Required Study 1 Analyses

In your four analyses (chosen from a set of six possibilities), you will be doing:

Ingest, Merge, Clean the Data Provided

First, you will ingest the data that Dr. Love will provide to you, merging the 2019 and 2020 data so that you wind up with a clean analytic data set including both years worth of data.

All data merging and cleaning must be included in your R Markdown report, starting from the raw data files Dr. Love provides to you, so that we can replicate your work.
- Remember that some more information on merging is available here.
- Remember also to check closely for missing data.
You can use the data as they were collected (quantitative, binary or multi-categorical), but you can also create categorical variables from the quantitative variables provided, should that be of interest in one or more of your analyses.
- Should you decide a categorical variable from a quantitative one, be sure to describe that process carefully, and demonstrate that each level of your created categorical variable contains at least 10 observations.
- For variables that are already categorical, we prefer that each level have at least 10 observations, but it will be OK if you have at least 5 responses at each level, and cannot collapse further easily.

Analyses You’ll Do

Second, you will complete any four of the following six Survey Analyses, and present these results.

For each of these analyses, you will provide complete code (including whatever you did to clean the raw data for the variables you are studying), appropriate visualizations and detailed explanations of your analytic decisions, and conclusions. Use a 90% confidence level for all Study 1 work, please.

Each analysis should be self-contained (so that I don’t have to read Analysis A first to understand Analysis C, for example). Present each new analysis as a subsection with an appropriate heading in the table of contents, following the specifications for the Study 1 Report.

Analysis A. Compare two means/medians using paired samples

Here, you will need to identify two quantitative variables (outcomes) which can be paired (so that they have a natural link between them, and use the same units of measurement.) You’ll analyze the results and build a confidence interval for the population mean (or median) difference with an appropriate t-based, bootstrap or Wilcoxon signed rank procedure.

Analysis B. Compare two means/medians using independent samples

Here, you will need to identify one quantitative (outcome) and one categorical variable (binary - 2 levels.) You’ll analyze the results and build a confidence interval for the difference in means (or medians) with an appropriate t-based, bootstrap or Wilcoxon rank sum procedure. Note that it’s generally easier to find independent samples comparisons than paired samples comparisons in this survey.

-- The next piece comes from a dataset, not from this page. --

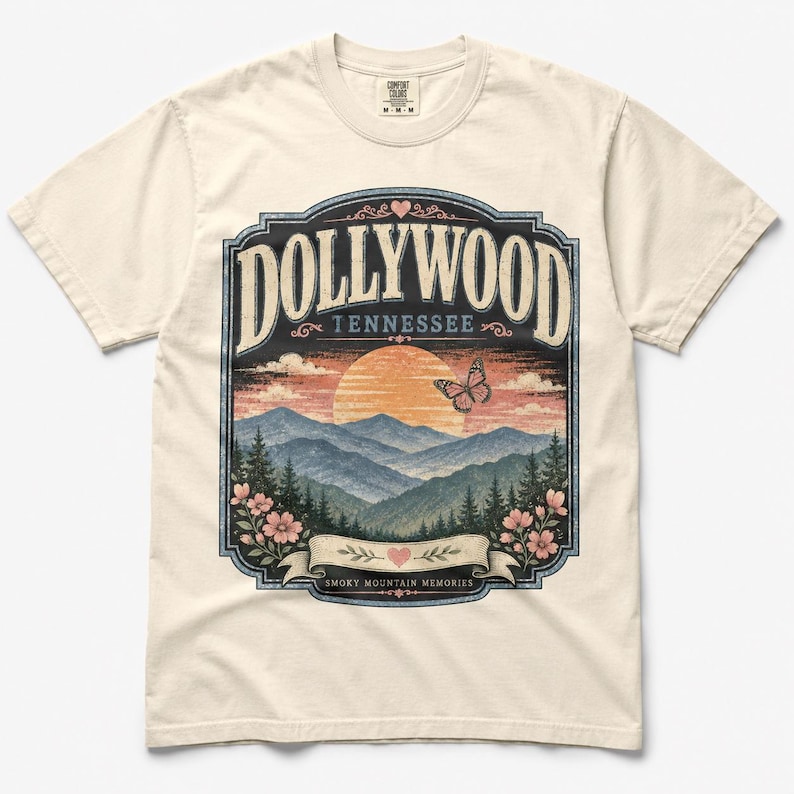 May include: A cream-colored short-sleeve t-shirt featuring a graphic print of a sunset over mountains with the text DOLLYWOOD TENNESSEE and SMOKY MOUNTAIN MEMORIES. The design includes a butterfly, pink flowers, and a heart icon within a decorative frame.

Analysis C. Compare 3-6 means/medians using independent samples

Here, you will need to identify one quantitative (outcome) and one categorical variable (multi-categorical with 3-6 levels, each of which needs to be selected by a minimum of 10 subjects in the survey.) Here, you should be thinking about an analysis of variance with pre-planned Tukey HSD pairwise comparisons, although you are welcome to consider other approaches if the data suggest them.

Analysis D. Create and analyze a \(2 \times 2\) table

Here, you will need to identify two categorical (binary) variables. Each cell of the resulting 2x2 table should contain a minimum of 10 subjects from the survey. You should be focused on the relative risk, odds ratio and risk difference comparisons.

Analysis E. Create and analyze a \(J \times K\) table, where \(2 \leq J \leq 5\) and \(3 \leq K \leq 5\)

Here, you will need to identify two categorical variables, at least one of which should contain 3-5 levels, while the other contains 2-5. At least 10 subjects must appear in each level of each variable, and in the cross-tabulation of the two variables, you’ll want to pick something that meets the Cochran conditions (so no cells with zero counts, and at least 80% of the cells have counts of 5 or more.) Here, you should be providing the results of an appropriate chi-square test, accompanied by a useful visualization and description of the nature of the observed association. Although you are welcome to collapse the table down a bit, you must still have 2-5 rows and 3-5 columns included in your final analysis.

Analysis F. Create and analyze a \(2 \times 2 \times M\) table, where \(2 \leq M \leq 5\).

Here, you will need to identify two binary categorical variables and an additional stratifying multi-categorical variable with 2-5 levels. You’ll want to ensure that each count in the 2x2xM table is greater than zero, and that as many as possible of them are greater than 5. If this cannot be done with the variables you select initially, change variables. Here, you’ll need to develop the table properly to allow you to conduct a Woolf test and estimate and interpret an odds ratio with Cochran-Mantel-Haenszel, regardless of the results of the Woolf test (but applying appropriate caveats should the assumptions of the CMH test be violated.)

This page was last updated: 2020-12-06 13:42:23.